In retrospect, I wondered whether we might have been a bit hasty. After all, the seeds might have been dormant but otherwise healthy. Perhaps we could have sprouted them. Of course, if they had proved to be good enough to sprout, they might have been good enough to grow, and that would have opened up a whole range of possibilities.

I remember the long hot summer of 1976. There were some good things and some bad things. One of the bad things was that our indigenous trees, like the sturdy oaks, were finding it difficult to cope with rapidly descending water tables, and it was sad to see them visibly wilting like garden flowers. Some simply died. On the other hand, other plants thrived.

Up on the Bromyard Downs, by accident or intent, a handful of hemp seeds had been strewn over the ground in the corner of a field normally grazed by dairy cows. Conditions were obviously just right, and soon the seeds germinated. As the summer progressed, so the hemp, Cannabis Sativa, to give it its more formal name, came on apace, filling that corner of the field like some alien nettle patch. At this point, the tale may take on an apocryphal note, because no one really knows the truth of it.

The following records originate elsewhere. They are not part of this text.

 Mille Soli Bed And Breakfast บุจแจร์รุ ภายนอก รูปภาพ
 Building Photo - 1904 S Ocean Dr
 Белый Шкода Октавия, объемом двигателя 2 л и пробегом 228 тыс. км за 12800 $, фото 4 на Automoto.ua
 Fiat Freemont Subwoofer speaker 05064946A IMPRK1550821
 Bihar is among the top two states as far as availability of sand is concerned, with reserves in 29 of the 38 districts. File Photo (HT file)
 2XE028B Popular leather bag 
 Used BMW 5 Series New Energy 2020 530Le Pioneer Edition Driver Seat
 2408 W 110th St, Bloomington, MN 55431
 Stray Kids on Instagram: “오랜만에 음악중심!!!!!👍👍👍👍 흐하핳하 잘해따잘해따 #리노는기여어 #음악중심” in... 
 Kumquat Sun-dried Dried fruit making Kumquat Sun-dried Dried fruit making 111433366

But legend has it that he who sowed it came one day to harvest it, for purposes undisclosed, although a limited number of guesses would probably be all that was needed to hit the right answer.

Imagine his disappointment when he discovered that, undeterred by the height of these spectacular nettles, the local dairy herd had munched their way through the whole patch.

Thus one of the most unexpected consequences of that long tropical summer was that sales of milk in Bromyard went through the roof.